Fig. 3: The performance of Alpha-LFM. | Nature Communications

Fig. 3: The performance of Alpha-LFM.

From: Adaptive-learning physics-assisted light-field microscopy enables day-long and millisecond-scale super-resolution imaging of 3D subcellular dynamics

Fig. 3

a The volume rendering of the large-scale mitochondrial dynamics in dozens of live U2OS cells reconstructed by Alpha-Net within a large FOV of 220 × 220 × 10 μm3 using a 60×/1.3 NA objective. Scale bar, 20 μm. b The volume rendering of the reconstructed results of mitochondrial outer membranes in live U2OS cells by Alpha-Net, VCD-Net, and VS-LFD. Insets show the magnified volume renderings of the ROI indicated by the blue dotted box. Scale bar, 5 μm. c Decorrelation analysis quantifying spatial and axial resolution of VS-LFD, VCD-Net, and Alpha-Net. n = 20 volumes were analyzed at both xy and xz planes.
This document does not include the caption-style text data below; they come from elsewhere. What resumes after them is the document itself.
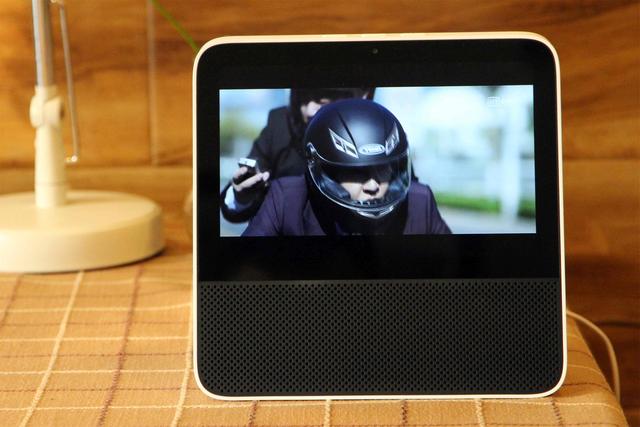 Redmi小爱触屏音箱到底香不香？Redmi搬起石头“打”小米的脚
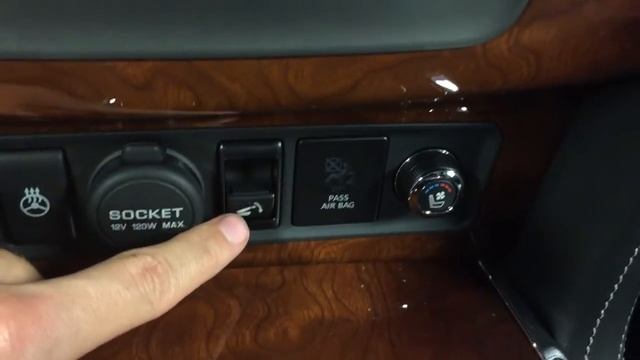 2016 Infiniti QX80 | Oakville Infiniti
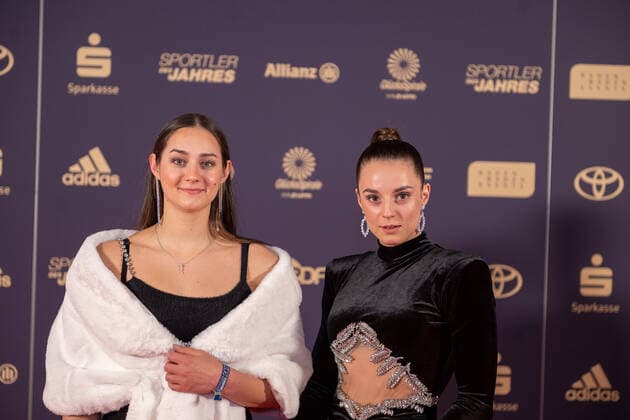 Helene und Pauline Schäfer, Sportler des Jahres, Verleihung der Ehrung im Jahre 2022, 18.12.2022, Eibner-Pressefoto Sascha Walther Sportler des Jahres, Verleihung der Ehrung im Jahre 2022, 18.12.2022 Baden-Baden Copyright: xEibner-Pressefotox EP_EER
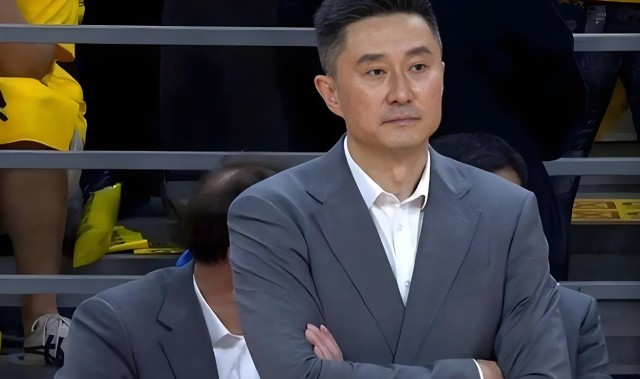 世界杯官方入口更新-广东队领先18分输球！记者3问杜锋：张皓嘉为何打这么久？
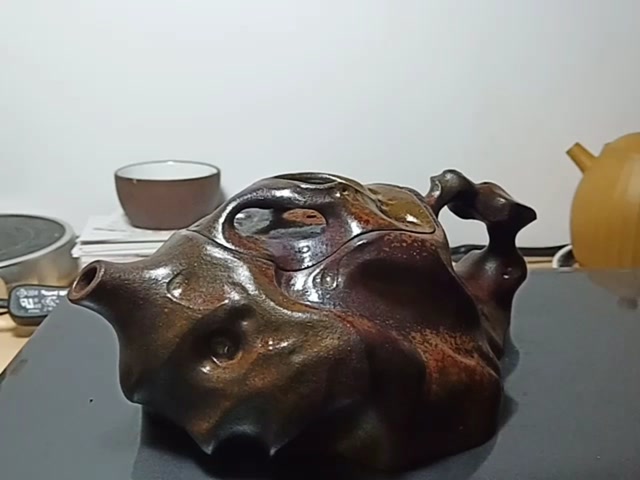 学院派紫砂壶创新作品 磐石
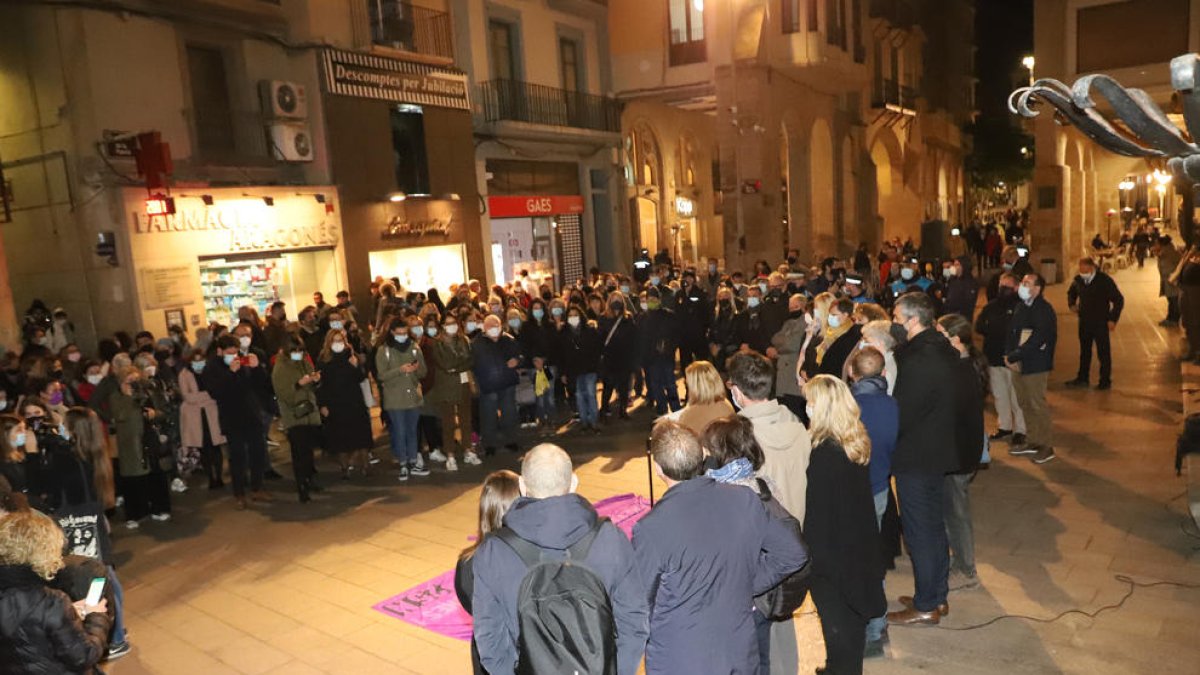 Un centenar de personas, anoche en el acto convocado por la Paeria contra la violencia machista.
The center line represents the median, the box limits represent the lower and upper quartiles, and the whiskers represent the min and max values. d Time-lapse 3D visualization captures the rapid morphological transformations of the mitochondrial outer membrane occurred at milliseconds timescale, illustrating both the processes of mitochondrial fission and fusion. Scale bar, 2 μm. e Comparisons of the photobleaching rates between Alpha-LFM, LSFM, Airyscan, and 3D SIM. f Max intensity projection of images of lysosomes in live U2OS cells imaged via 3D SIM (30 s every volume for a whole cell), Airyscan (4 min every volume for a whole cell), LSFM (4 s every volume for a whole cell), and Alpha-LFM (3 ms every volume for at least a whole cell). Scale bar, 2 μm. g The comparisons of the performance in resolution and volumetric imaging speed between Airyscan, iSIM, LLSM-SIM, FLFM, sLFM, VCD-LFM, and Alpha-LFM.